Cook the potatoes in boiling, salted water for 12 – 15 mins, until soft. Drain, leave to cool, then cut in half. 

Heat the oven to 220C/fan 200C/gas 7. Heat a 25cm non-stick ovenproof frying pan over a medium heat and add the oil. Fry the black pudding slices on each side until crisp. Remove from the pan and drain on kitchen paper. In the same pan, fry the lardons until beginning to brown and the fat renders (runs out into the pan). Add the chorizo and fry with the lardons. The smoky red paprika oil will start to come out of the chorizo. Remove the lardons and chorizo with a slotted spoon and drain on kitchen paper. Once the chorizo is cool enough to handle, slice it thinly.
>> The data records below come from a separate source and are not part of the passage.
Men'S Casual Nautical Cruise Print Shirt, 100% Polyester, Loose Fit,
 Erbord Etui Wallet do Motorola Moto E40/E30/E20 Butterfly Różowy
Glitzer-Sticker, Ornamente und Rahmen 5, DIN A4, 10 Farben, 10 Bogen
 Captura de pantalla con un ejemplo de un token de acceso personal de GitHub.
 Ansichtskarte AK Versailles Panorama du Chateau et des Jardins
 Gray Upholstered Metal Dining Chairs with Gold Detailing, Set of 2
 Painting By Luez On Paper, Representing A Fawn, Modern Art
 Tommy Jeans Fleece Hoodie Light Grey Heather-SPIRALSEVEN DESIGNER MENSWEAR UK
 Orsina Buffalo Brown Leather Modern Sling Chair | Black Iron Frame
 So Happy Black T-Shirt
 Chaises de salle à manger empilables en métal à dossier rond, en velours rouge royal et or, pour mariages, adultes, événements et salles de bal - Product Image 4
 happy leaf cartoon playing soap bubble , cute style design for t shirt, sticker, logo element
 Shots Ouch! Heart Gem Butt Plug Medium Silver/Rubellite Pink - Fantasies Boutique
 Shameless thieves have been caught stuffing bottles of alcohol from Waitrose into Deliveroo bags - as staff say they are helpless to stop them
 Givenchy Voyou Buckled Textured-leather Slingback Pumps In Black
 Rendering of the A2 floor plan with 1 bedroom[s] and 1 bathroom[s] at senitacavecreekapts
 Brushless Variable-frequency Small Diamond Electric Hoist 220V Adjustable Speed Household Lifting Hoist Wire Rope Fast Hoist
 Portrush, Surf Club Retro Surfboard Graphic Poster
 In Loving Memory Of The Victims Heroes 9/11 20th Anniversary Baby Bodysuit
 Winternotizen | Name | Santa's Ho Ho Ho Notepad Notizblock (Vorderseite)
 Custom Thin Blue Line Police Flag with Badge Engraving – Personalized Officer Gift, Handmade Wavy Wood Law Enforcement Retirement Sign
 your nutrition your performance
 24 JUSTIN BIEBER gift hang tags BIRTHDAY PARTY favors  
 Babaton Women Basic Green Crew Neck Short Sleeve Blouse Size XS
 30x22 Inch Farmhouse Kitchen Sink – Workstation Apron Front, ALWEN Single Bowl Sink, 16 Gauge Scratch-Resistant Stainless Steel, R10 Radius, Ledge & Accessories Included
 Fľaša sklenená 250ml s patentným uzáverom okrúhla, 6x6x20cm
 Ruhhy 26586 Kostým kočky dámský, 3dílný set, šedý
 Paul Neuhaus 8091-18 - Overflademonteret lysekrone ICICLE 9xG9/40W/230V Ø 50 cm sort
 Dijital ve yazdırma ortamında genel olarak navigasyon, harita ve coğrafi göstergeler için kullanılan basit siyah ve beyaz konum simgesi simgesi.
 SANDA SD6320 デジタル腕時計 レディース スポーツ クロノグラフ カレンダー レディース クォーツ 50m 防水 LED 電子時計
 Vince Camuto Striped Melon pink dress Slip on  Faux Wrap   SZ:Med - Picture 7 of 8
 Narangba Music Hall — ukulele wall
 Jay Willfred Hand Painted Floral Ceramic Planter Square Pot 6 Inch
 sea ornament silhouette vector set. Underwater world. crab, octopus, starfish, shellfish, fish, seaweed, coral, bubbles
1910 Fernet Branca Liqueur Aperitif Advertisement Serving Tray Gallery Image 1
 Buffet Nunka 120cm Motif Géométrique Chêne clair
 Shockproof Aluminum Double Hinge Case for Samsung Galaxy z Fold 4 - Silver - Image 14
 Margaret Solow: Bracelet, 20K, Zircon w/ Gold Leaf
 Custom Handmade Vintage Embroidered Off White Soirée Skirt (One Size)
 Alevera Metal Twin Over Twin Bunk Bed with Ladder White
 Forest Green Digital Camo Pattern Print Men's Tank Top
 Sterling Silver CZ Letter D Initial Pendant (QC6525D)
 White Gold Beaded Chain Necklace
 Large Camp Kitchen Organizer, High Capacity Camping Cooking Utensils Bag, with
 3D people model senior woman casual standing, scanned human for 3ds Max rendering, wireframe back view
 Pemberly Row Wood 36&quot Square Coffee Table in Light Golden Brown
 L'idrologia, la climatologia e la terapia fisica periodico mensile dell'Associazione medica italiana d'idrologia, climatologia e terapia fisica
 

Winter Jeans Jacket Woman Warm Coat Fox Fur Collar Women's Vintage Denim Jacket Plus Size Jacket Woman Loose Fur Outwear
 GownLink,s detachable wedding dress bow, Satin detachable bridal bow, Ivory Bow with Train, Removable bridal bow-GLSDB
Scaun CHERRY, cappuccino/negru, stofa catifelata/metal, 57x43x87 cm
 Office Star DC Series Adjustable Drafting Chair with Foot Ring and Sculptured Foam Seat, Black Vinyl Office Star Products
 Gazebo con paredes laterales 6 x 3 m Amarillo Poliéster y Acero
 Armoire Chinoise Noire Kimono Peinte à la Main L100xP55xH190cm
Add one of the sliced shallots and the garlic to the pan and cook in the rendered oil for 2-3 mins over a medium heat, until soft. Add the potatoes and stir so they take on the flavours from the pan. Return the lardons and chorizo to the pan with the chilli and stir together. 

Reduce the heat to low. Season the eggs with salt and pepper then pour them into the pan. Add the rosemary and half the parsley and stir slowly until the eggs have set and puffed up – almost souffléd. Remove from the oven, sprinkle the remaining shallot and parsley over the top and serve.